IARP

Dealing with larger SQL datasets and limited memory

Originally Written: 2015-08-20

There may come a time when you have a very large table to query that results in a very large result set. If you use pyodbc for connecting to SQL Server or mysql.connector, when you issue the query it loads all of the results into memory. This is great for speed, not so when your query may return 15GB worth of email data.

The code provided below is what I use for progressively querying out results without trying to pull all rows in a single shot. The method used for SQL Server is not overly effecient but it gets the job done. MySQL thankfully already provides the tools necessary to do exactly what we want.

MySQL

In this example I am using a mysql.connector cursor to query data from a table, I make use of MySQL’s ability to limit and offset query results to only query out a chunk of data at a time.

You may change the SELECT statement as you see fit, but for this to work you need to leave the LIMIT {},{} at the very end of the query.

# Offset and limit control how many records to query for at a single time.
offset = 0
limit = 10000
total_counter = 0

table_name = 'EMAIL_BODIES'

# Continuously query until we break the looping.
while True:

    # This is a standard query, you can easily add a WHERE clause just before LIMIT.
    cursor.execute("SELECT * FROM {} LIMIT {},{}".format(table_name, offset, limit))

    # If no rows were returned, stop the while loop
    if not cursor.rowcount:
        break

    # In this example, I am writing the entire rows data into a CSV file.
    for row in cursor.fetchall():
        csv_file.writerow(row)

    # Nothing more than a counter
    total_counter += cursor.rowcount

    # Leave this alone, it is what increments the offset for the next iteration
    offset += limit

SQL Server

This one is a very different animal compared to MySQL. Unfortunately SQL Server does not provide any native way to offset result sets, so what we have to do is make use of CTE’s and forcefully only grab a specific number of rows between two row numbers.

This method requires something extra, it requires you to have a unique column in the table. The way it works is it pulls your original query (on the server’s side) and then orders by the column that contains unique data. If you don’t have a uniquely identifiable column this method will not output values correctly. Typically when you build a database you’ll add a column with something like IDENTIFY(1,1) which is the same thing as MySQL’s AUTO_INCREMENT, you would want to use that column.
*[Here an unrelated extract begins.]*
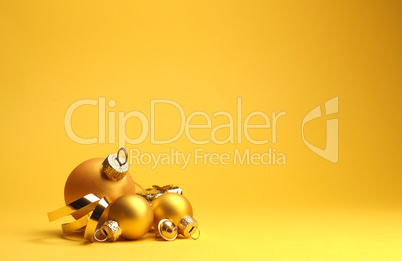 Three golden vintage Christmas baubles on a yellow background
If you need to modify the SELECT statement that is pulling the data you want to export, you will need to modify: WITH Results_CTE AS (SELECT *, ROW_NUMBER() OVER (ORDER BY {3}) AS RowNum FROM {0}) you may change the asterisk to any column names you wish and you can add a WHERE statement after the FROM {0} part, but do not modify the rest.

# Offset and limit control how many records to query for at a single time.
offset = 0
limit = 10000
total_counter = 0

table_name = 'EMAIL_BODIES'
unique_table_column = 'email_id'

# Query 1 row for column titles. This this alone.
cursor.execute("SELECT TOP 1 * FROM {}".format(table_name))

# Obtaining the column titles
columns = [row.column_name for row in cursor.columns(table=table_name)]

# Continuously query until we break the looping.
while True:

    cursor.execute("""
    WITH Results_CTE AS (SELECT *, ROW_NUMBER() OVER (ORDER BY {3}) AS RowNum FROM {0})
    SELECT * FROM Results_CTE WHERE RowNum >= {1} AND RowNum < {1} + {2}
    """.format(table_name, offset, limit, unique_table_column))

    counter = 0
    for row in cursor.fetchall():
        counter += 1

        row_data = [getattr(row, column) for column in columns]

        # In this example we are writing the rows data to a csv file.
        csv_file.writerow(row_data)

    # If the counter is still 0 it means our query returned no results.
    if not counter:
        break

    total_counter += counter

    offset += limit

SQL Server Updated 2016-09-10

This newer method does not require a CTE or limiting as it leaves the data on the SQL Server and obtains the rows individually. So far in my testing this has been faster than the CTE.

table_name = 'EMAIL_BODIES'

# Query 1 row for column titles. This this alone.
cursor.execute("SELECT TOP 1 * FROM {}".format(table_name))

# Obtaining the column titles
columns = [row.column_name for row in cursor.columns(table=table_name)]

cursor.execute("SELECT * FROM {}".format(table_name))

while True:
    row = cursor.fetchone()
    if not row:
        break

    row_data = [getattr(row, column) for column in columns]

    # In this example we are writing the rows data to a csv file.
    csv_file.writerow(row_data)